In the chapters of the book, Duggan makes five confessions, ones that I daresay are  universal to all loving parents in one form or another:

  1. I Don’t Know How to Master Motherhood
  2. I Don’t Always Take Care of Myself as I Should
  3. I Don’t Know How to Keep My Kids Catholic
  4. I Don’t Like Watching My Children Suffer
  5. Sometimes I Compare Myself with Other Parents

From realizing she’d inadvertently taught her toddler to curse to succumbing hopelessness when her young son was struck with a mysterious life-threatening condition to seeing her younger brother through alcohol and drug addiction and more, Duggan becomes an unassuming heroine for us to admire and follow. It isn’t despite her weakness that we take her to heart; it’s because of it.

In a masterful way, Duggan leads us on the path of merciful parenting – for ourselves and others.

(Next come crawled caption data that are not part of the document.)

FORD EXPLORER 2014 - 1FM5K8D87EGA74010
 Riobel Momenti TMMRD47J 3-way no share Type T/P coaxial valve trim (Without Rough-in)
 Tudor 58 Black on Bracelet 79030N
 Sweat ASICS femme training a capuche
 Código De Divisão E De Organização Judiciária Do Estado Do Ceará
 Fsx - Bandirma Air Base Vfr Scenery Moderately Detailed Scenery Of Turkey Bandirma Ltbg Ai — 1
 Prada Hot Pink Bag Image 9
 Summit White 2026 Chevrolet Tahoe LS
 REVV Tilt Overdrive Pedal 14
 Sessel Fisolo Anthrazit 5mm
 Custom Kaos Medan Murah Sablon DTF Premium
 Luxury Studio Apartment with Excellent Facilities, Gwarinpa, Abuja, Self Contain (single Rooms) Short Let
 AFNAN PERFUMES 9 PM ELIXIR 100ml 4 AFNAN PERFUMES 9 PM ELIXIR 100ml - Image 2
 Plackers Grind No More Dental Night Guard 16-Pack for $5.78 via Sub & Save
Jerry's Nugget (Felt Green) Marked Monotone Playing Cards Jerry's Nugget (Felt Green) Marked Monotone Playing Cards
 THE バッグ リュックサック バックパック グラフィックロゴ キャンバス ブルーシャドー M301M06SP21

“So, let’s have mercy on ourselves and let’s have mercy on our fellow Catholic parents who aren’t always able to institute the parenting practices they may desire,” she wrote. “Unless we are failing in our moral obligations to raise Catholic children imbued with the faith, most of the parenting practices we choose reflect our preferences, not our religious and moral convictions. Let’s assume we are all trying our very best to raise our kids to the best of our abilities, even if we’re not able to attain the ‘ideal’ as we’ve defined it. Let’s have mercy on ourselves for the times when we have had to choose a less desirable approach than we originally intended, and let’s have mercy on those parents who’ve had to do the same thing. And let’s rally behind each other to offer love, support, and encouragement instead of our often unhelpful opinions. We can’t ever fully know the situations or the reasons behind the decisions a family makes, but we can give each other love and the benefit of the doubt.”

Good Enough is Good Enough ends with a prayer Duggan wrote and prays herself – The Litany of Humility for Parents – the perfect culmination for a book about the frustrations, fears, stresses, sorrows, enlightenments and joys of imperfect parenting. Truly, it’s better than good enough.